New Brunswick Teachers' College
- Type: Normal school
- Active: February 10, 1848–1973
- Location: Fredericton, NB, Canada
- Campus: Urban;

= New Brunswick Teachers' College =

The New Brunswick Teachers' College was a normal school in Fredericton, New Brunswick which granted teaching certificates.

It was founded on February 10, 1848, as the Provincial Normal School with Joseph Marshall de Brett Maréchal, Baron d'Avray as the first principal. The institution changed its name in 1947 to become the New Brunswick Teachers' College.

Located at 453 Queen Street at the intersection with York Street in downtown Fredericton, the building at this site was constructed after a 1929 fire destroyed the original facility which had stood since 1877. A French language department was established in 1884 under principal Alphée Belliveau. A French-language Normal School was opened in 1968 on the Université de Moncton campus in Moncton, New Brunswick.

The New Brunswick Teachers' College closed in 1973 and its staff were integrated into the faculties of education at the Université de Moncton and the University of New Brunswick.
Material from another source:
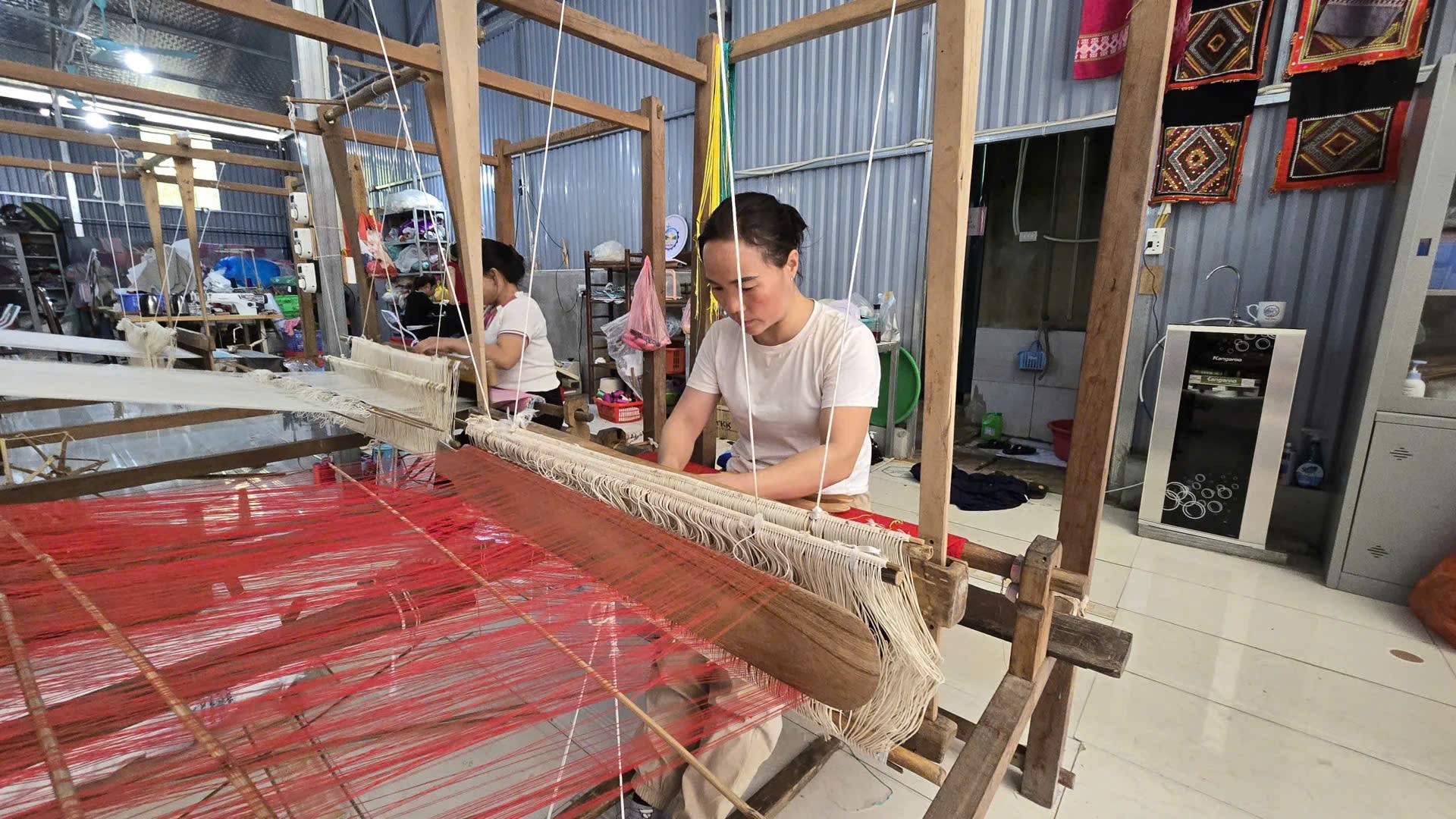Tiếng thoi đưa trở lại: Giữ hồn thổ cẩm Mường ở vùng cao Phú Thọ Tiếng thoi đưa trở lại: Giữ hồn thổ cẩm Mường ở vùng cao Phú Thọ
The old New Brunswick Teachers' College building was used by Fredericton High School until its new facility on Prospect Street was completed. Today, the NBTC building has been remodelled to house the law courts and renamed the Justice Building.

==Notable alumni==
- Nan Macpherson Smith (d. 1940) leader in New Brunswick women's activities, as well as patriotic, philanthropic, cultural, missionary, and benevolent projects in the Saint John area.